All of the data should be copied exactly, with the pictures left out.

Records from a data collection:
--------------------------------------------------

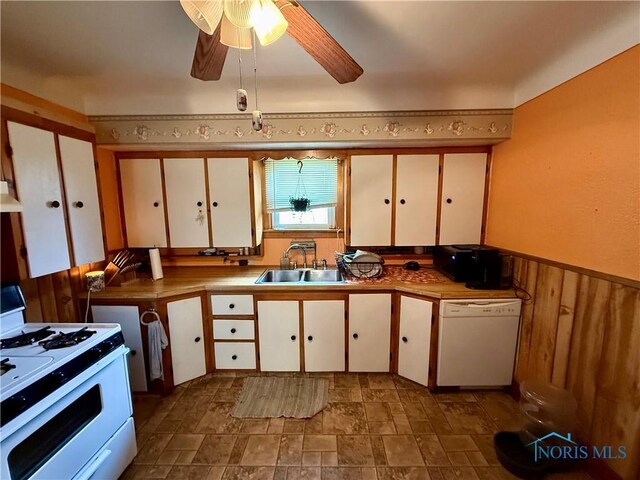 613 Maplewood Ave, Delta, OH 43515 - kitchen featuring white appliances, stone finish floors, white cabinets, ventilation hood, and wainscoting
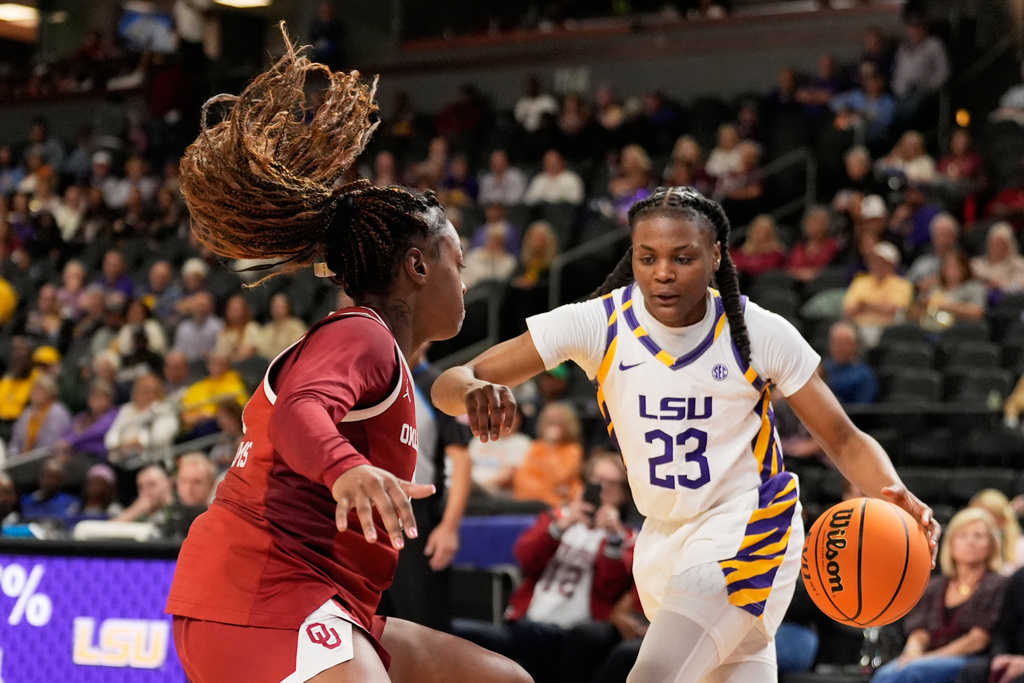 LSU guard Milaysia Fulwiley drives to the basket past Oklahoma forward Sahara Williams during second half of an NCAA college basketball game in the quarterfinals of the Southeastern Conference tournament, Friday, March 6, 2026, in Greenville, S.C. (AP Photo/Chris Carlson)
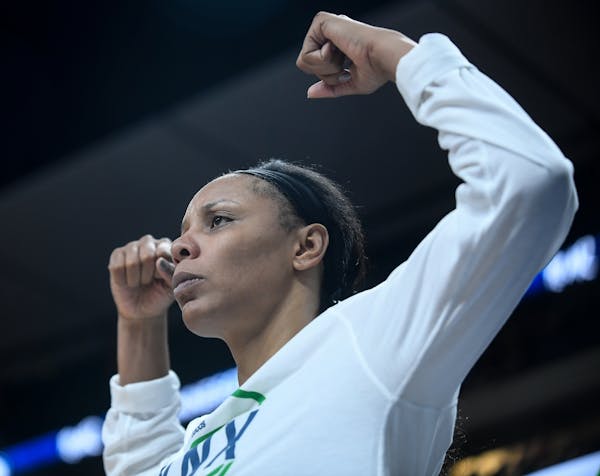 Minnesota Lynx forward Plenette Pierson (22) flexed her muscles to celebrate an and-one opportunity created by center Sylvia Fowles (34) in the third 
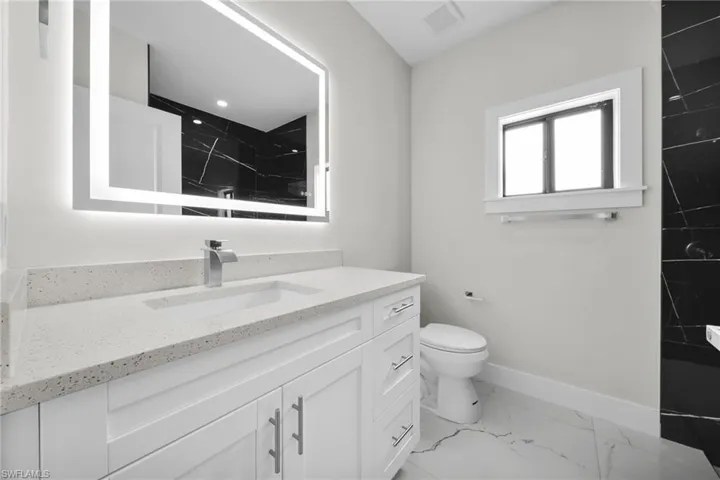 Bathroom featuring a white vanity with integrated sink, a quartz-finish countertop, and brushed nickel hardware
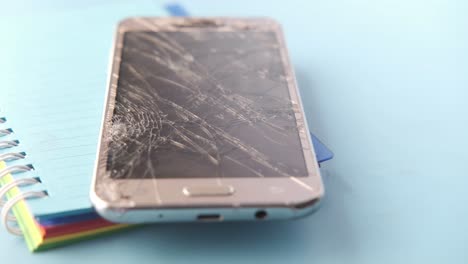 broken smartphone on notebook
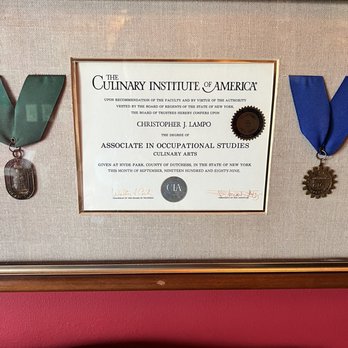 Christopher's World Grille - CIA diploma! Haven't seen one of those in a while :) - Seafood Near Me - Bryan, Texas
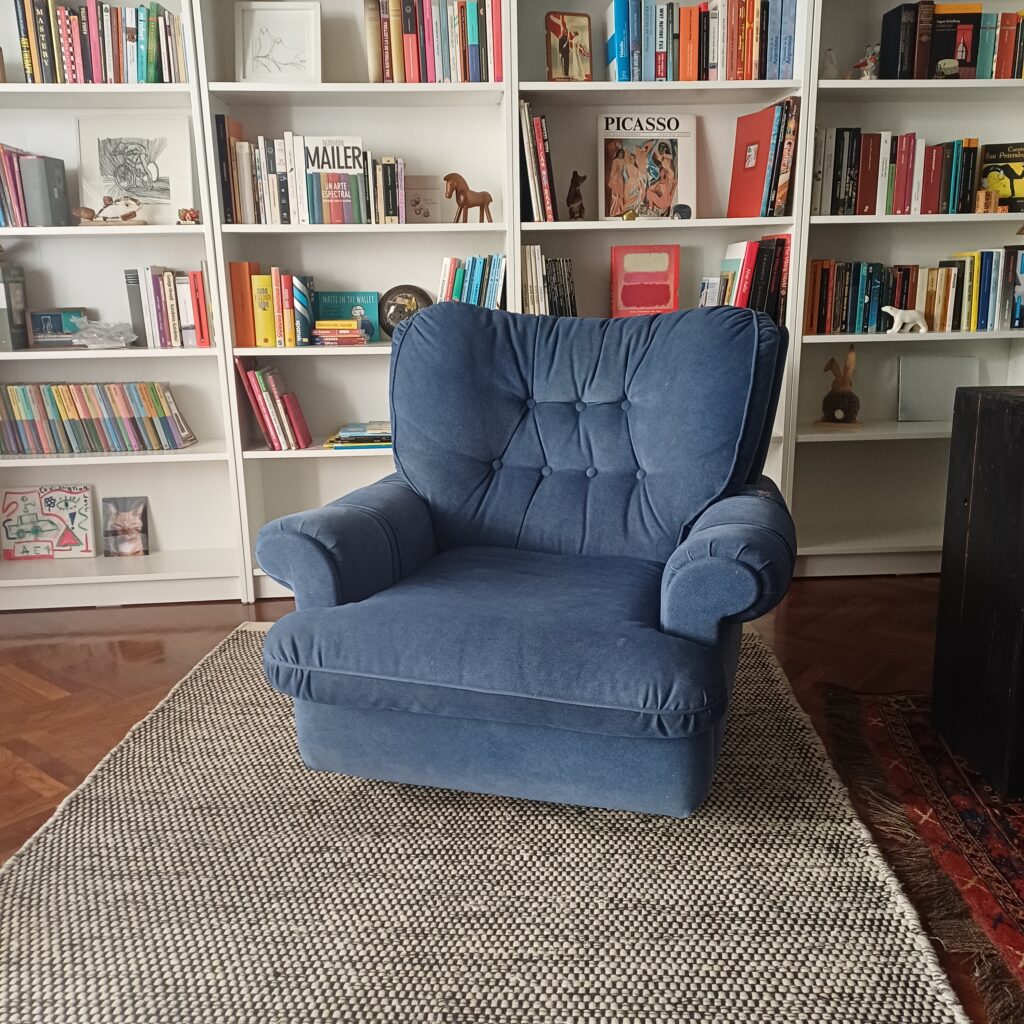 Blue armchair in front of bookshelves.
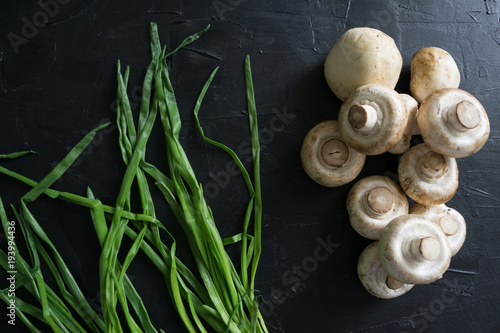 Raw champignons with green onion on black background top view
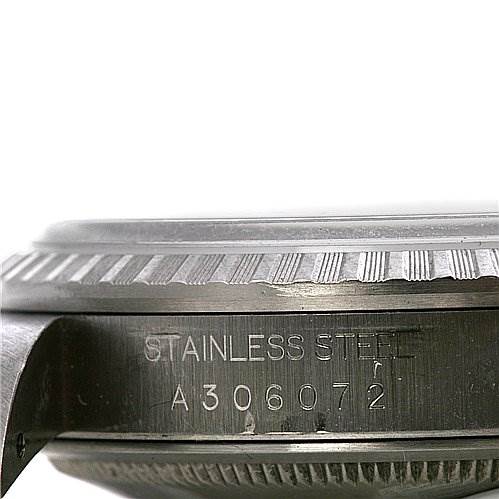 This image shows a close-up of the side of a Rolex Datejust 16220 Men's Stainless Steel White Dial 16220 Men's Stainless Steel White Dial model with visible serial number engraving and part of the bezel.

--------------------------------------------------

▶ EXERCISE RESPONSE:
 613 Maplewood Ave, Delta, OH 43515 - kitchen featuring white appliances, stone finish floors, white cabinets, ventilation hood, and wainscoting
 LSU guard Milaysia Fulwiley drives to the basket past Oklahoma forward Sahara Williams during second half of an NCAA college basketball game in the quarterfinals of the Southeastern Conference tournament, Friday, March 6, 2026, in Greenville, S.C. (AP Photo/Chris Carlson)
 Minnesota Lynx forward Plenette Pierson (22) flexed her muscles to celebrate an and-one opportunity created by center Sylvia Fowles (34) in the third 
 Bathroom featuring a white vanity with integrated sink, a quartz-finish countertop, and brushed nickel hardware
 broken smartphone on notebook
 Christopher's World Grille - CIA diploma! Haven't seen one of those in a while :) - Seafood Near Me - Bryan, Texas
 Blue armchair in front of bookshelves.
 Raw champignons with green onion on black background top view
 This image shows a close-up of the side of a Rolex Datejust 16220 Men's Stainless Steel White Dial 16220 Men's Stainless Steel White Dial model with visible serial number engraving and part of the bezel.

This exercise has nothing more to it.